**Recorded data**.

====

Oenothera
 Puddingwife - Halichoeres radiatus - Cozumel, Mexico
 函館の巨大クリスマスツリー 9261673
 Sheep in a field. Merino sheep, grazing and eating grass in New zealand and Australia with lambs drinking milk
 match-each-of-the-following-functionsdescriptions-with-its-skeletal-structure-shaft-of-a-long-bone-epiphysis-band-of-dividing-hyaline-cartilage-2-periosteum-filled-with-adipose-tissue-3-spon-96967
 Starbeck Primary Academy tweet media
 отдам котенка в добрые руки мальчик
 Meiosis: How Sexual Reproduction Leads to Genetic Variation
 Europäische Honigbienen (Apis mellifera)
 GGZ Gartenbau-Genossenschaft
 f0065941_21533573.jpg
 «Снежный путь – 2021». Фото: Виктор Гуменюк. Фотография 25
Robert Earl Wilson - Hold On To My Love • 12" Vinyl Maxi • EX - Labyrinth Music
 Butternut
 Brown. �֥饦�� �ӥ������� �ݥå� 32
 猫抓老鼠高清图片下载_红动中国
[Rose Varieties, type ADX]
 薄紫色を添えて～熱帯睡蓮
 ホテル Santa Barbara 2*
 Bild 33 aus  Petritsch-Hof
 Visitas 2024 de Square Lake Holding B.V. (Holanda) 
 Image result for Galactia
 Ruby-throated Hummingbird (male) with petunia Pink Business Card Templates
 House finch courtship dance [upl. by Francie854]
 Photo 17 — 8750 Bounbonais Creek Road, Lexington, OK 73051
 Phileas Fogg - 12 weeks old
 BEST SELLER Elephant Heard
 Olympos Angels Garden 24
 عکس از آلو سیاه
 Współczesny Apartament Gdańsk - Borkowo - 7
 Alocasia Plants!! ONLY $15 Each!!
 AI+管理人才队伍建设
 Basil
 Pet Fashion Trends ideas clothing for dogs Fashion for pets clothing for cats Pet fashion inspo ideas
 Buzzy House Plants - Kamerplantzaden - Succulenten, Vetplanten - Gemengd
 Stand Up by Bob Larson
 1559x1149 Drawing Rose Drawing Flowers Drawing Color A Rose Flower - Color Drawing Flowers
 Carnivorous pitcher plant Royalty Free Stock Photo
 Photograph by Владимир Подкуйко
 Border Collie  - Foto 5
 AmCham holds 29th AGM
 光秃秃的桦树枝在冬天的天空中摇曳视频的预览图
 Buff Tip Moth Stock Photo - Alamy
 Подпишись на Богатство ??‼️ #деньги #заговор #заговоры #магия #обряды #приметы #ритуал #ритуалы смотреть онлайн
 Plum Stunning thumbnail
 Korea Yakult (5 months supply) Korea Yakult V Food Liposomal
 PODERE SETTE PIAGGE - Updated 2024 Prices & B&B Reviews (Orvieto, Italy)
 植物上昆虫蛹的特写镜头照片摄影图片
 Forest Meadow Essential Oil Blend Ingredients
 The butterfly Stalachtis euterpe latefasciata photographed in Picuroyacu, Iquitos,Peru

====

**Exercise directions**.
Collect every line above that contains the word "Rose".

**Solution to the exercise**.
[Rose Varieties, type ADX]
 1559x1149 Drawing Rose Drawing Flowers Drawing Color A Rose Flower - Color Drawing Flowers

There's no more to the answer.